Et je vis, comme à demi perdus encore dans une brume lointaine, des groupes nouveaux qui célébraient les sciences, les découvertes, la marche de l’humanité. Les uns vantaient les révolutions qui guérissent les sociétés par le fer et le feu, comme le chirurgien fait d’un membre gangrené ; les autres regrettaient les âges glorieux, où les grands capitaines donnaient à leurs souverains des royaumes et des esclaves. Ceux-ci demandaient des jours de paix et des chefs sans ambition, afin de laisser le laboureur à sa charrue et le savant à ses livres ; ceux-là s’imaginaient qu’un jour, sur la terre, il n’y aurait qu’un peuple, qu’une langue et qu’une religion. D’autres, plus curieux et plus audacieux, se promettaient de voir bientôt ce qui se passe chez nos voisins de l’infini.

J’aurais voulu m’attarder plus longtemps, désireux de m’instruire, et de mieux connaître les hommes au milieu desquels je devais vivre. Ils m’auraient sans doute ouvert des horizons nouveaux, des trouées lumineuses dans les ténèbres de l’avenir ; mais je me sentis touché au bras par une main pesante. Je me détournai vivement. Mon protecteur aimable était disparu, et devant moi se dressait, impassible comme un masque, un homme de haute stature. Il portait une barbe grisonnante, caressée souvent ; et cette barbe dissimulait un peu le travail des ans sur la joue de marbre qui se creusait. Son maintien était fier et son regard qui aurait voulu paraître doux, peut-être, s’allumait d’un rayon d’orgueil.

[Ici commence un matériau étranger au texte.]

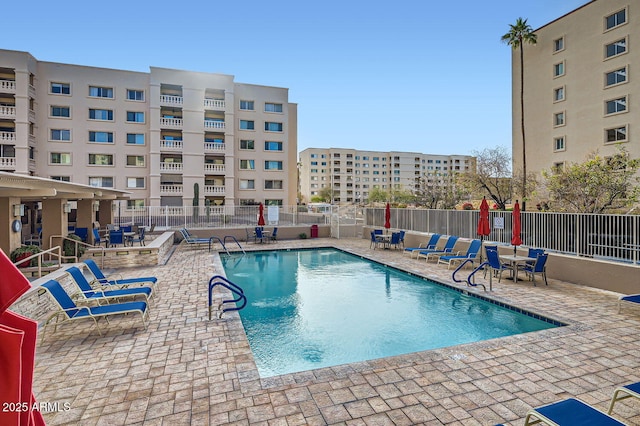 view of swimming pool featuring a patio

— Mon ami vénérable n’est plus là ? fis-je avec inquiétude.

Il ne me répondit point ; mais son bras s’étendit majestueusement et son doigt me montra une tombe.

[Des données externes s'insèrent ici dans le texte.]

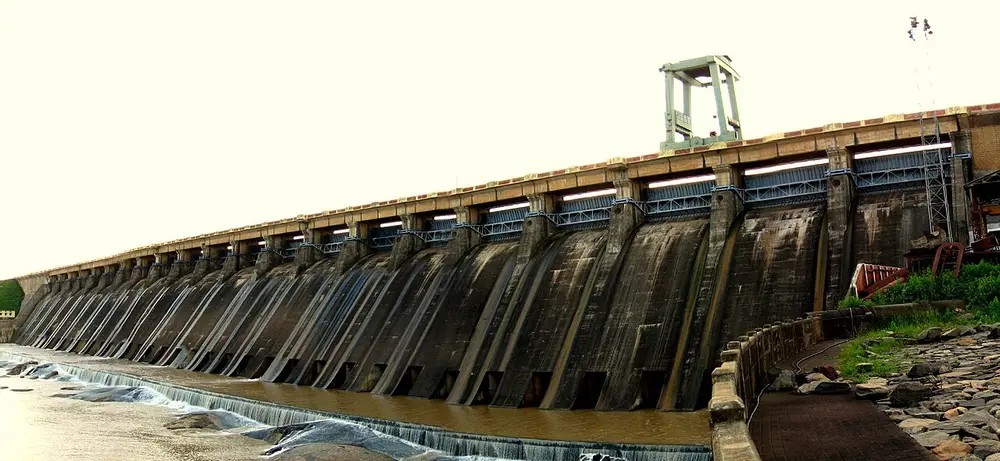 A long concrete dam with many sluice gates, stretching away into the distance.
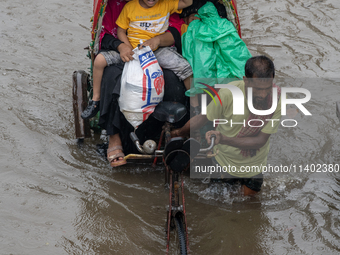 Passengers are riding on a rickshaw to go through a waterlogged street after heavy rain in Dhaka, Bangladesh, on July 12, 2024. (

Et comme j’allais m’agenouiller, l’âme serrée par une angoisse amère, la porte aux deux battants rouges, par où j’étais entré, s’ouvrit de nouveau, et le doigt implacable me fit signe de sortir.

Je poussai un sanglot et… m’éveillai.

La grive solitaire chantait encore au-dessus de ma tête, en regardant les flammes du couchant ; un souffle tiède passait sur mon front brûlant, et mes esprits revenaient je ne sais d’où.